The easiest way to make a new WebFetch-derived module is to start
from the module closest to your fetch operation and modify it.
Make sure to change all of the following:

- fetch function

    The fetch function is the meat of the operation.
    Get the desired info from a local file or remote site and place the
    contents that need to be saved in the `savable` parameter.

- module name

    Be sure to catch and change them all.

- file names

    The code and documentation may refer to output files by name.

- module parameters

    Change the URL, number of links, etc as necessary.

- command-line parameters

    If you need to add command-line parameters, modify both the
    **`@Options`** and **`$Usage`** variables.
    Don't forget to add documentation for your command-line options
    and remove old documentation for any you removed.

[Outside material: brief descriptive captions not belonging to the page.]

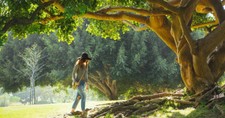 6 Trees in the Bible That Point Us to God's Justice, Mercy, and Eternal Life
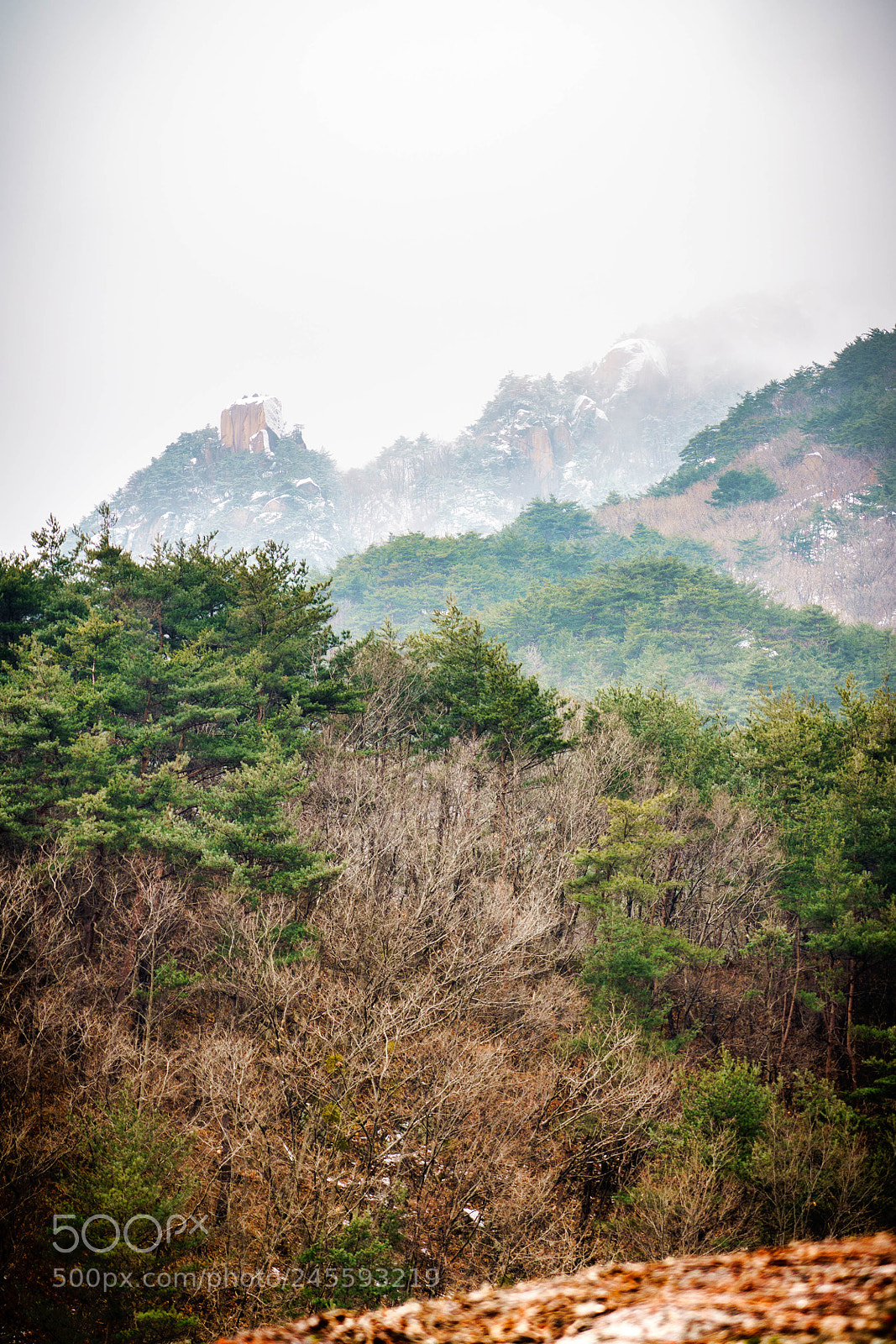 Sony a7R III sample photo. Winter fog photography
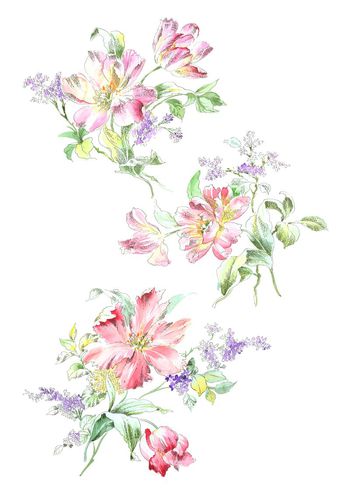 高清花卉印花华亿平台图片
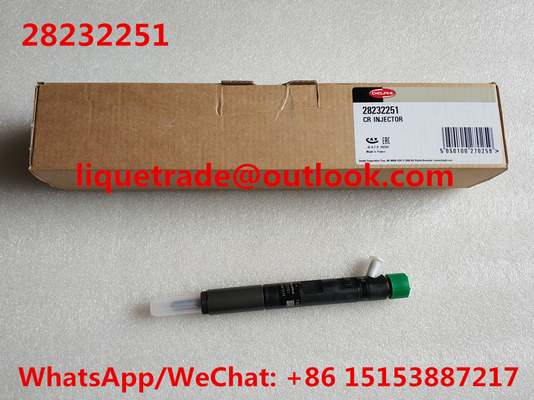 China DELPHI INJECTOR 28232251 Common rail injector 28232251 , 166001137R ,166001137 supplier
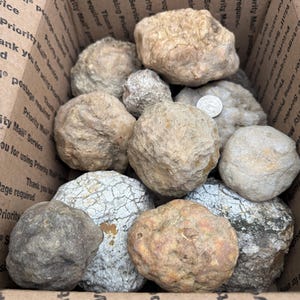 Geode Lot unopened Quartz crystal geodes & agate nodules mixed variety (free gift wrapping available) break your own / lapidary stones
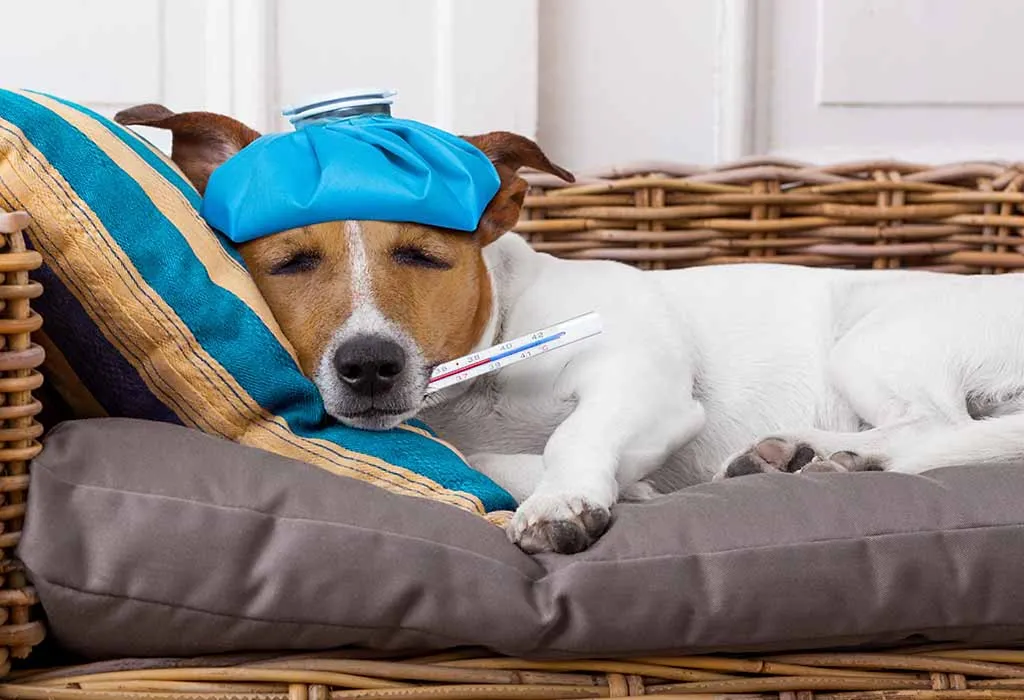 Sick Dog: Signs, Prevention & Feeding Tips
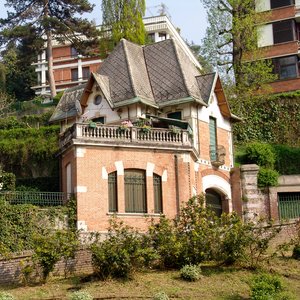 big size photo in the gallery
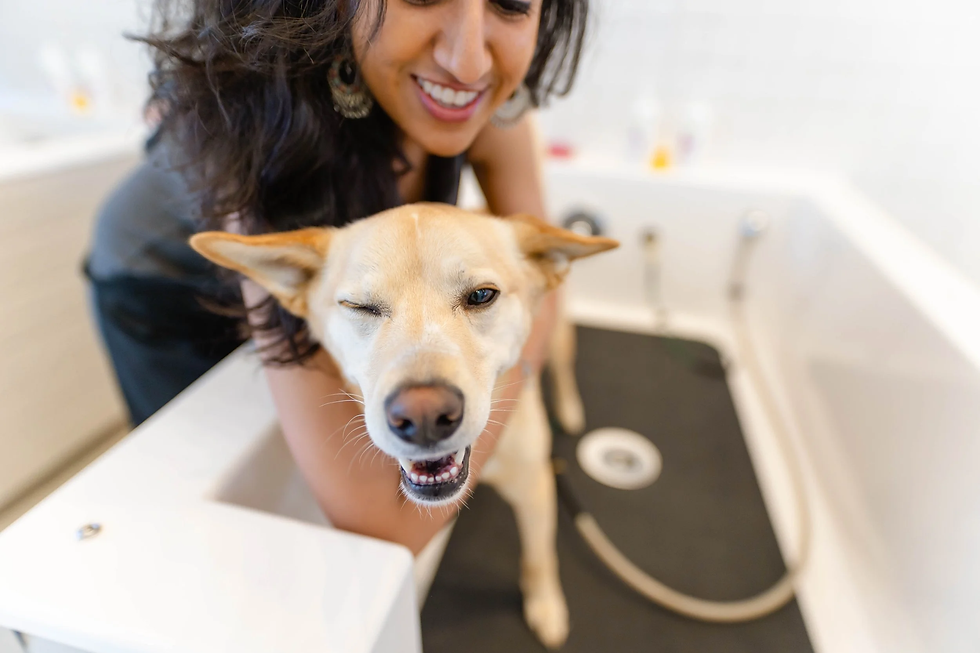 宠物美容洗护店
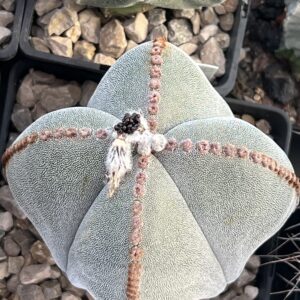 Astrophytum myriostigma quadricostatum · 20 semillas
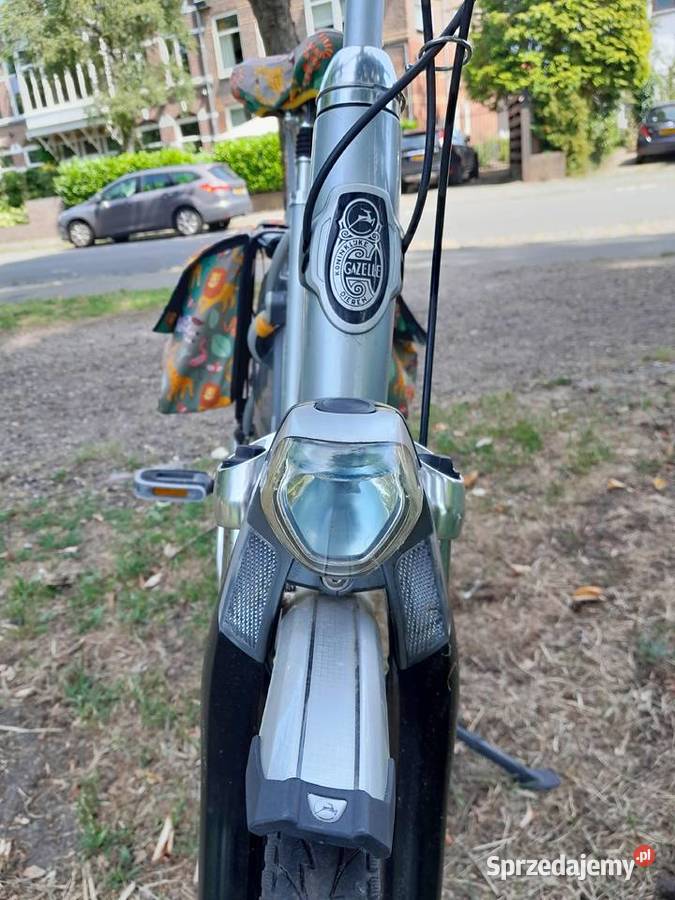 DAMKA GAZELLE Miejskie Łuków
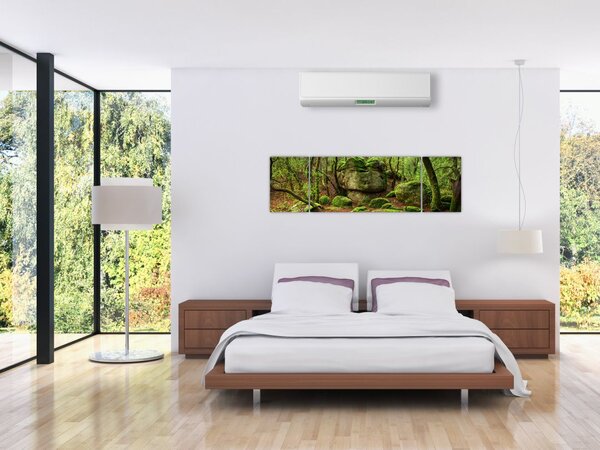 Obraz magicznego lasu (170x50 cm)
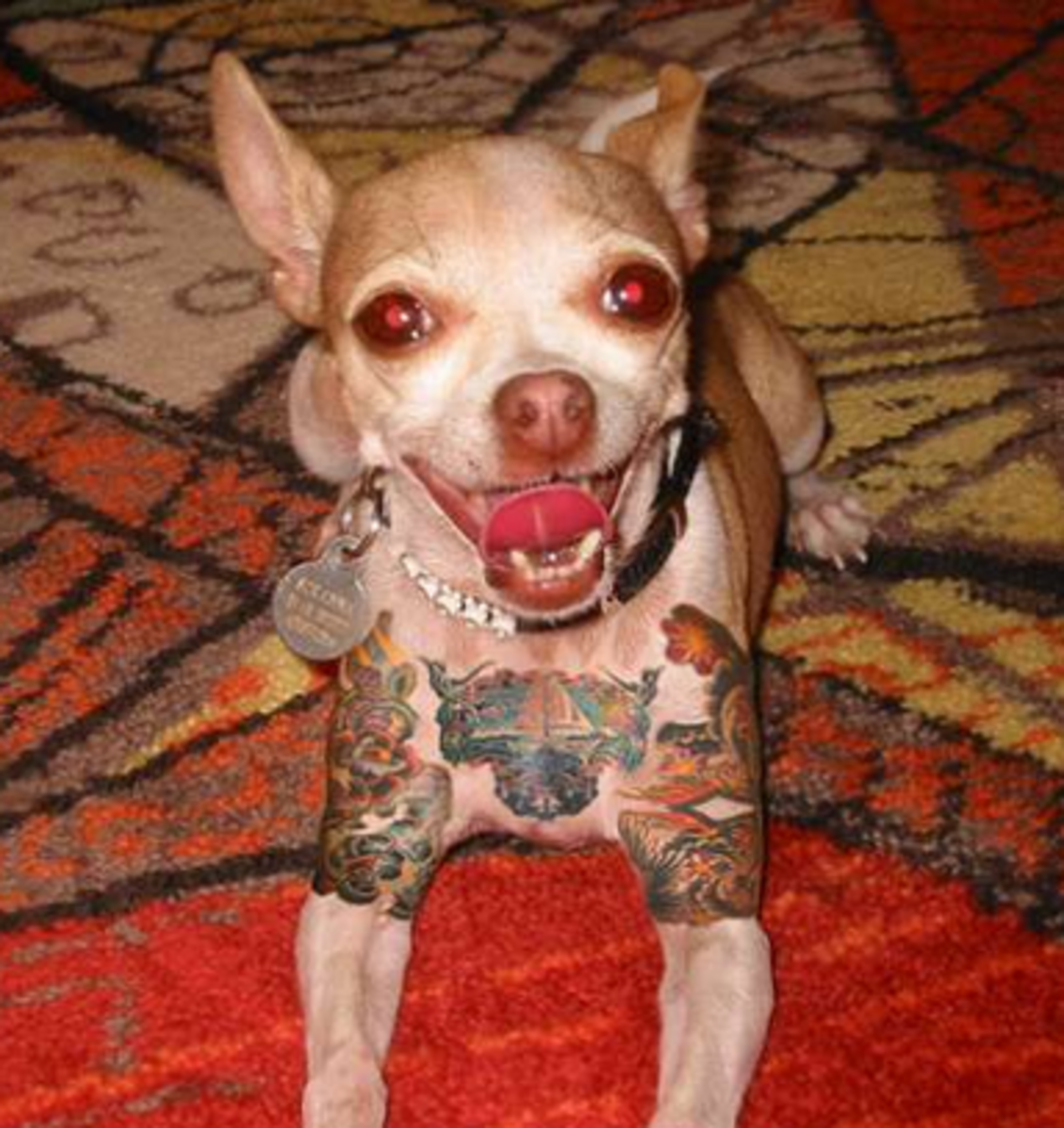 Kisállat tetoválás, kisállat tetoválás ötletek, kutya tetoválás, macska tetoválás, kisállat piercing, háziállat tetoválás, állatjogi törvények, tetoválás törvények, new york tetoválás törvények, new york tilalmak kisállat tetoválás, PETA, Ernesto Rodriguez, The National Dog Registry, menhely tetoválás, állatorvosi tetoválások háziállatok, menhelyi tetoválások háziállatok, Mistah Metro, Linda Rosenthal, Andrew Cuomo, tintával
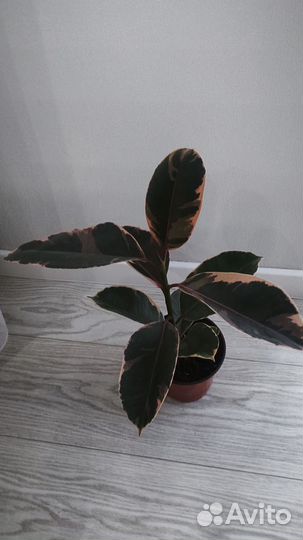 Фикус сорт Белиз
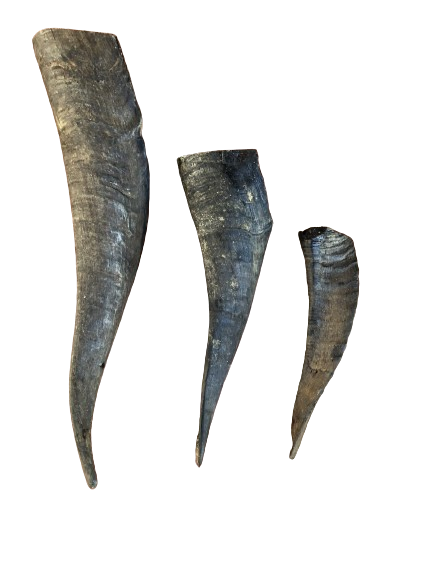 Goat Horn Containing Marrow 1 Each (Size: Large)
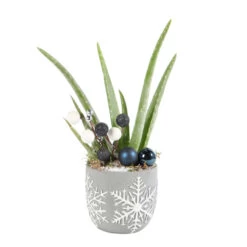 Aloe Vera, Décors Thème Montagne : Pot D.11 Cm - H.35 Cm -Flora Soldes 1041170 1729180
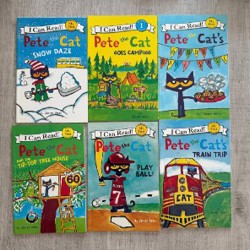 Книга - фото 3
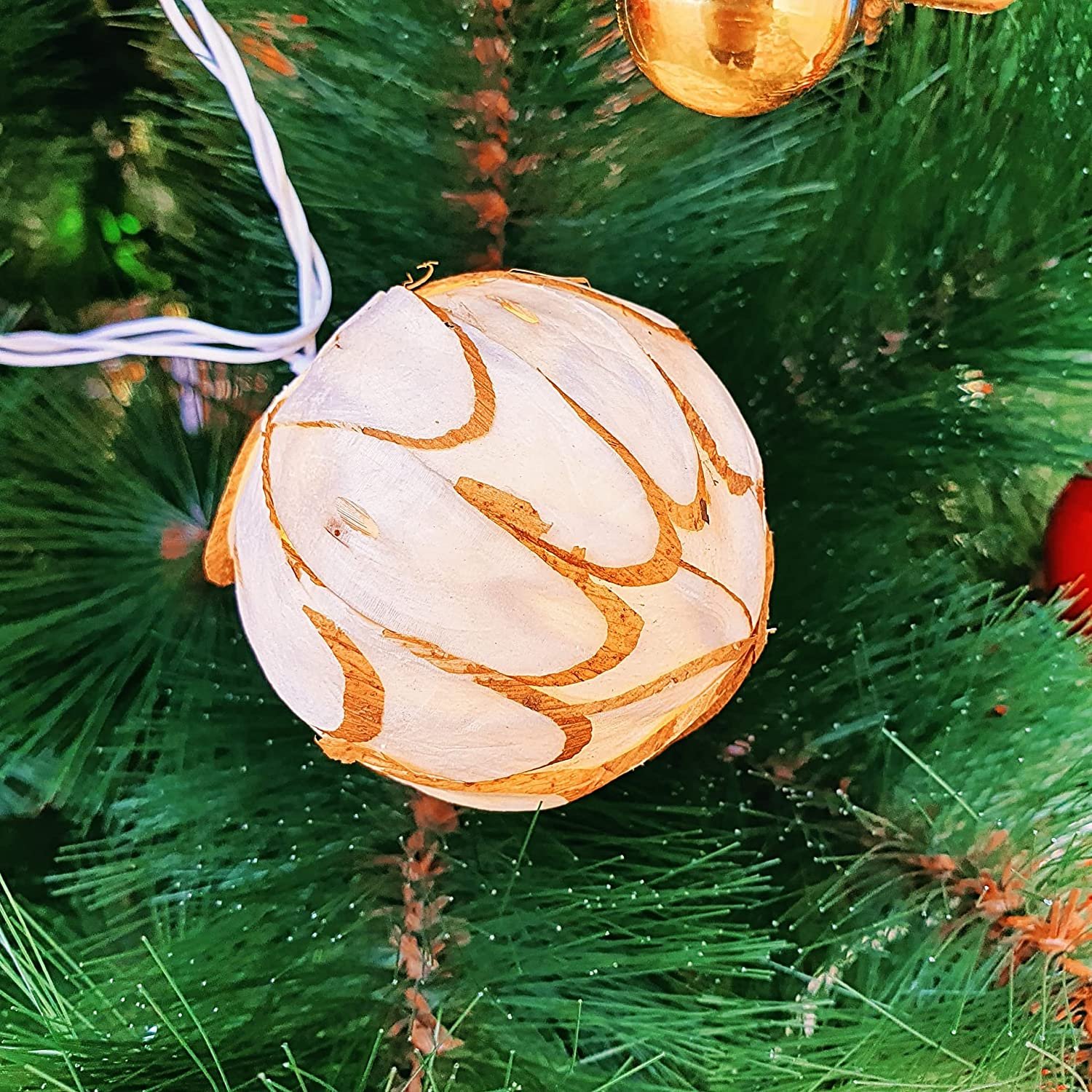 81o7fQE6EWL._SL1500_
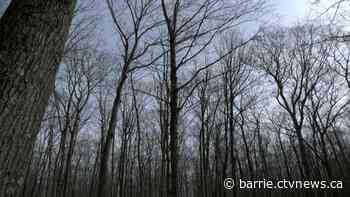 Canada & Ontario champion nature preservation with multi-million-dollar investment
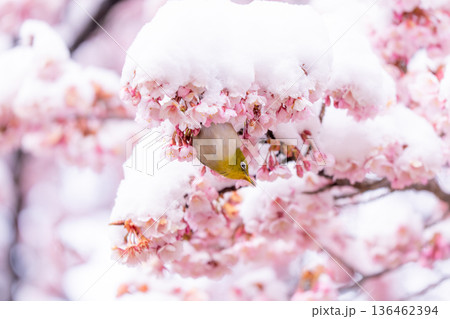 立春・雪の積もった寒桜とメジロ 立春・雪の積もった寒桜とメジロ 136462394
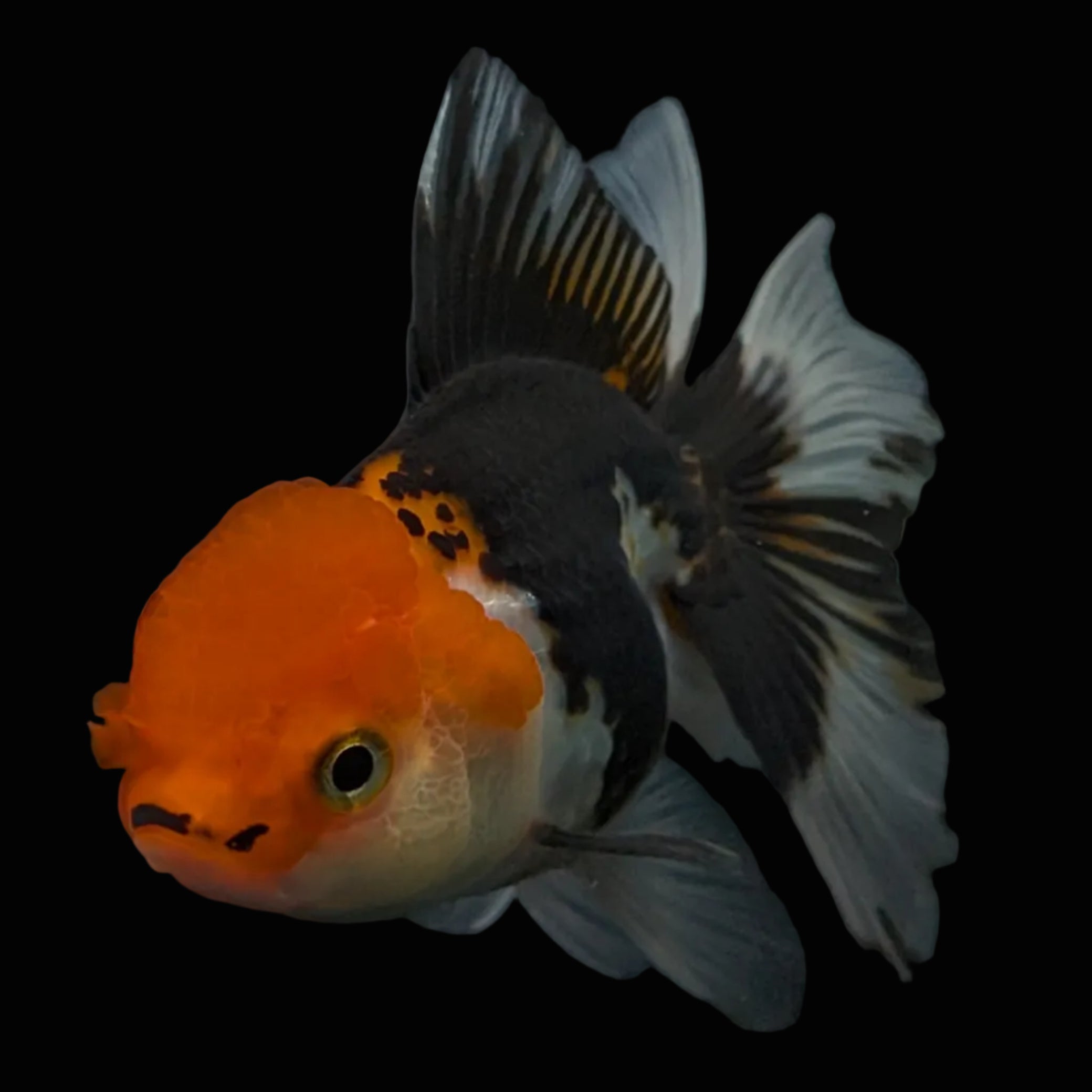 Thai Juvenile Oranda Tricolor 3.5"-4"in.  ID#731T1A-055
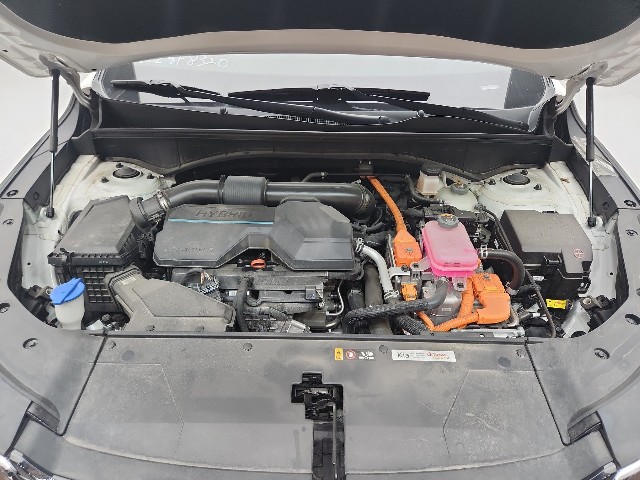 lotterental_143507936_P1IoJ_10.jpg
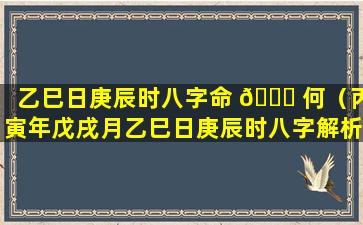 乙巳日庚辰时八字命 🐋 何（丙寅年戊戌月乙巳日庚辰时八字解析）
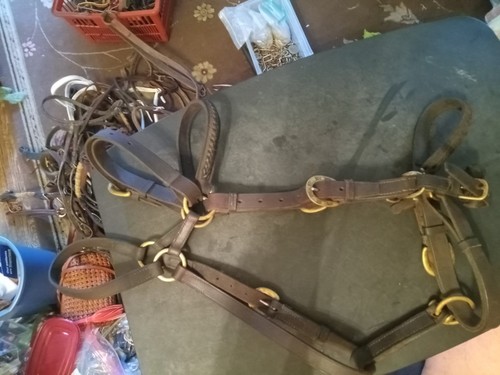 Used leather halter bridle - used,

    When adding documentation, if the existing formatting isn't enough
    for your changes, there's more information about
    Perl's
    POD ("plain old documentation")
    embedded documentation format at
    http://www.cpan.org/doc/manual/html/pod/perlpod.html

- authors

    Do not modify the names unless instructed to do so.
    The maintainers have discretion whether one's contributions are significant enough to qualify as a co-author.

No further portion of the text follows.